繊細で綺麗な音を放つスタイリッシュなシンセサウンド「FM音源」を使って曲作りをしております♪


テーマ:
セ~ガ~♪(笑)

メガドライブぬいぐるみ2014年11月23日の記事で、「メガドライブぬいぐるみ」が届いたことを紹介しました。

記事を作る時に、押入れに眠っていたメガドライブを出してきまして、写真を撮りました。

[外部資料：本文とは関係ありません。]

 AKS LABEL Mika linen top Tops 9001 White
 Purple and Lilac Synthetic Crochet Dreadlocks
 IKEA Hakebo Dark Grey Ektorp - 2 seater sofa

記事を公開した後に、久しぶりにメガドライブを通電させてみました。

ちゃんと起動するか?スイッチを入れるまで不安でしたけど・・・

よかった!ちゃんと起動しました(^^)


ここで、私のメガドライブについて、少し紹介したいと思います。

SEGA MEGA DRIVE

実はメガドライブには、基板の種類によって、バージョンが存在しております。

バージョンは、初回発売されたものを、「バージョンVA0と」したならば、何と!「バージョンVA7」まであります。

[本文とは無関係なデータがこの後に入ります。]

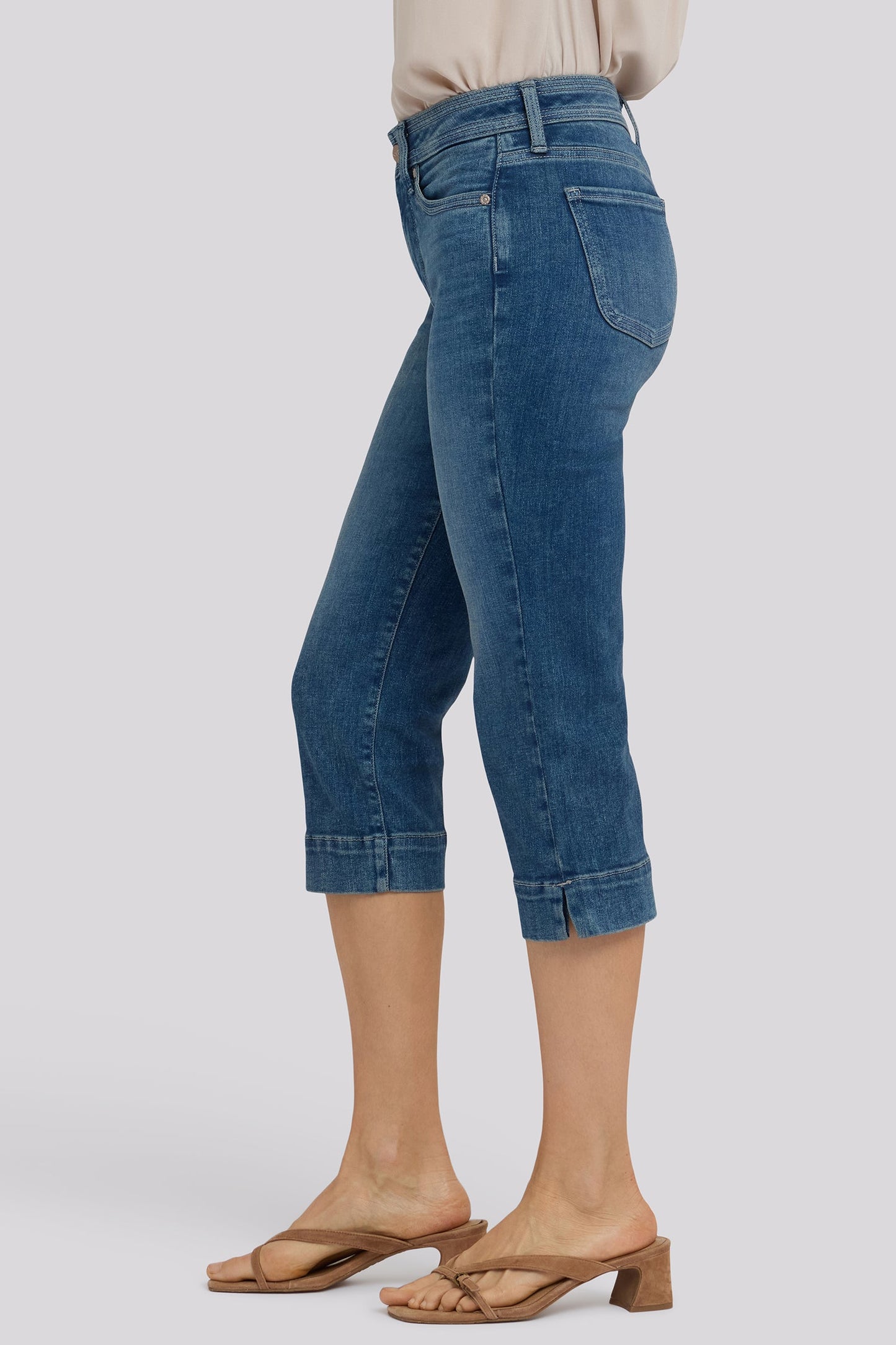 Marilyn Straight Crop Jeans In Petite - Breezy Palms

私達の知らないところで、密かに基板の改良が行われていたのですね。

私のメガドライブのバージョンは、「バージョンVA6」と、後期型です。

ちなみに「バージョンVA5」と「バージョンVA6」というのが、メガドライブの中では、一番高音質なモデルと言われておりまして、音質の改善が施されているバージョンです。

SEGA MEGA DRIVE バージョンVA6基板


「バージョンVA6」の見分け方は、基板に付いているIC4の型番が「SEGA 313-5433」と書かれていたら、VA6基板となります。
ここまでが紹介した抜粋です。